Bangkok, April 10: The National Socialist Council of Nagalim (Isak-Muivah) is amenable to a vote in the Naga-inhabited areas of the Northeast for determining their desire for integration provided it is supervised by a neutral third party.
The Nagas have expressed themselves sufficiently strongly that they want to live together, Thuingaleng Muivah, general secretary of the NSCN (I-M), claimed.
However, he said: “If the Government of India thinks that this natural aspiration of the Nagas is not clear to it, then let it organise a vote on the issue. And let a neutral third party acceptable to both sides supervise it. What better test can there be of a peoples’ will in a democracy'”
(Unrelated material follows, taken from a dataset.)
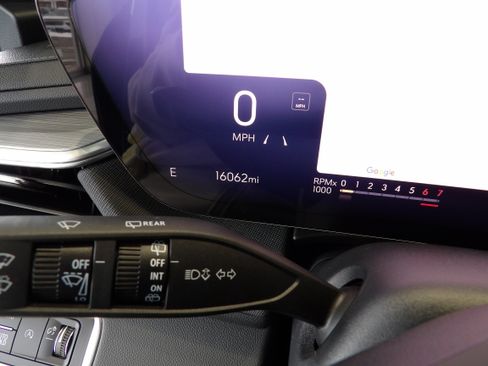 Used 2025 Buick Enclave Preferred image 12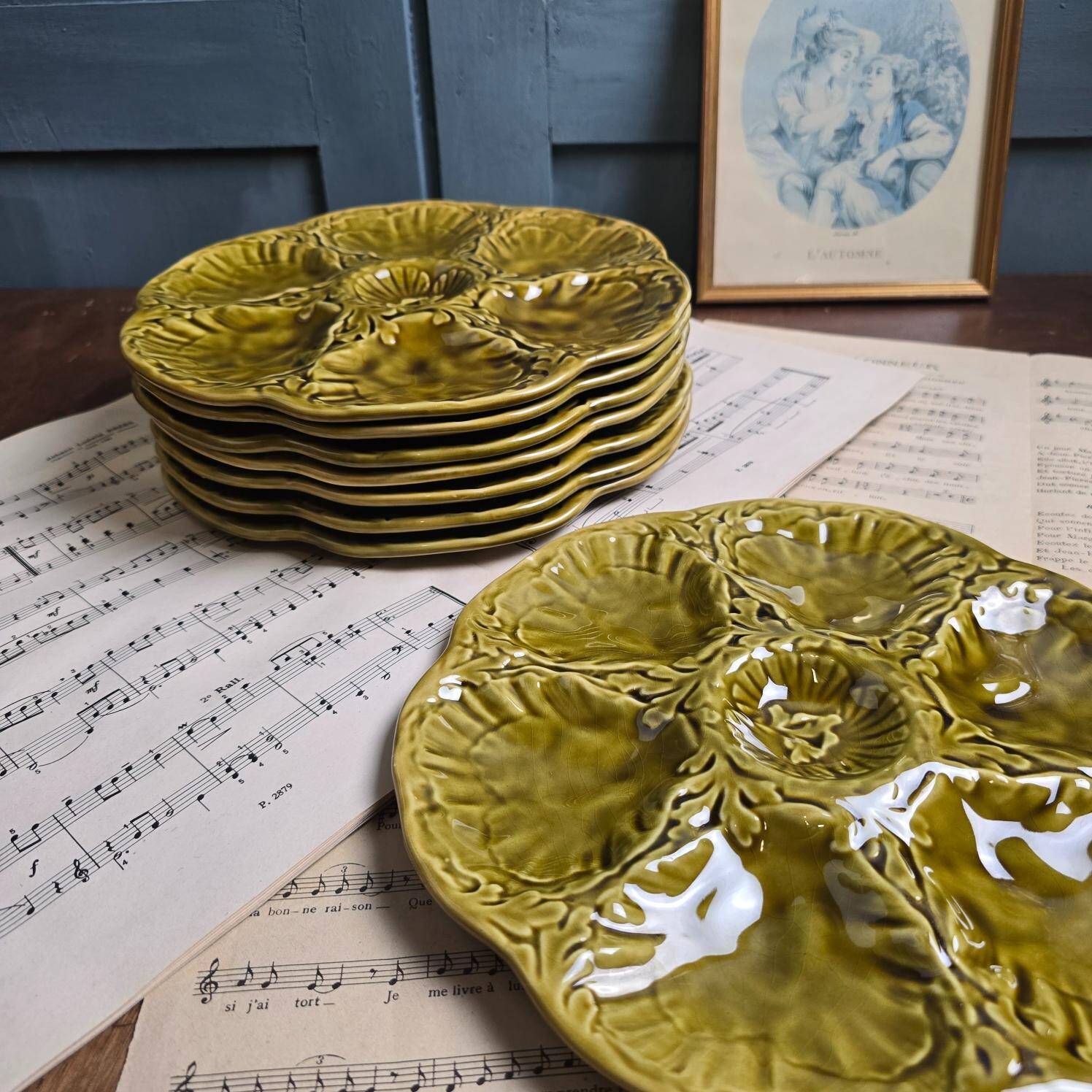 Set of 8 Gien oyster plates – Olive green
Muivah also offered to talk to MPs, MLAs and civil society representatives from the affected neighbouring states of Nagaland if and when he comes to Delhi.
However, he said: “Our issue is with India and that cannot be diluted. We will not negotiate our territory with our neighbours. But we do want them to understand us in the right perspective. We are a peaceful people and will always be open to dialogue and interaction to promote peace and harmony with our neighbours.”
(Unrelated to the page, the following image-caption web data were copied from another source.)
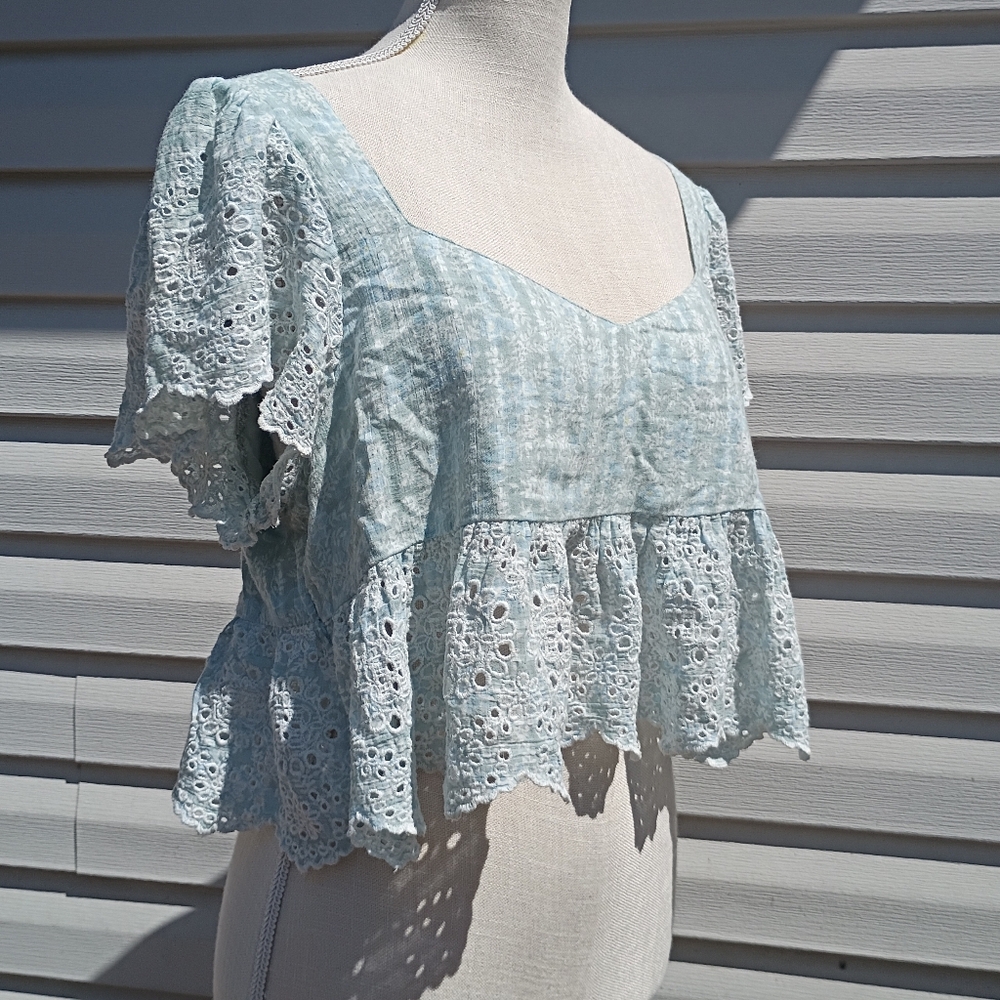 XL American Eagle Blue & Green Floral Embroidered Eyelet Flowy Smocked Crop Top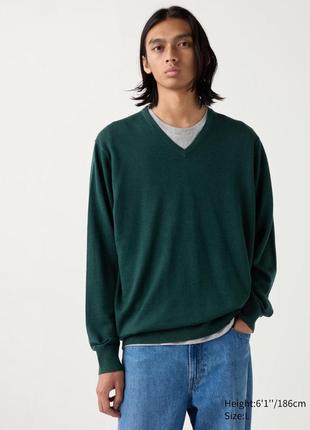 Uniqlo merino v neck jumper
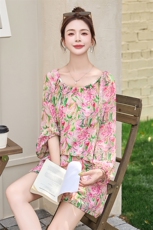 现货度假风露肩碎花仿真丝时尚套装2025年夏新款休闲短裤轻奢防晒，女装套装/套裙，然然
Analysing the opposition to Naga integration, Muivah said: “Those who oppose us do so by virtue of the Indian Constitution which came into being in 1950. But the land of the Nagas has been with them since time immemorial. We do not want to discuss the Indian Constitution with these people because that cannot be the basis of their claim over Naga areas.”
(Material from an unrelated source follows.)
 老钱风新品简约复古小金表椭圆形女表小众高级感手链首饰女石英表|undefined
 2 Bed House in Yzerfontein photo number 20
The Naga leader talked of the “irrational chauvinism” of Nagaland’s neighbours, saying: “The Meiteis say there are no Nagas in Manipur. The Arunachalis say the same thing about their state. They totally dismiss the ground reality. How can we talk to people who say that we do not even exist' We can only talk to sensible people who want a peaceful settlement.”
All that he was willing to say to assuage the feeling of the neighbouring states was: “We shall respect their history and we shall accept their rights. But they also have to recognise that the Nagas were divided without their consent.”
He argued that it was an accepted political philosophy the world over that the people concerned should “decide their fate and that of their land”.
The Naga leader argued:“The Nagas are not an exception. They must have their rights and their land. We respect the rights of our neighbours. But perhaps that is not the case with them.”
Why did he think that the Nagas were seen essentially as territorialists in the Northeast' “This is a wrong impression that people have of the Nagas. We will never be expansionists. But equally, we will not accept if we are deprived of our land anywhere,” Muivah replied.
Muivah and a majority of his armed cadre come from Manipur and many believe that the integration issue is linked to this. But Muivah dismisses this as “na've analysis”.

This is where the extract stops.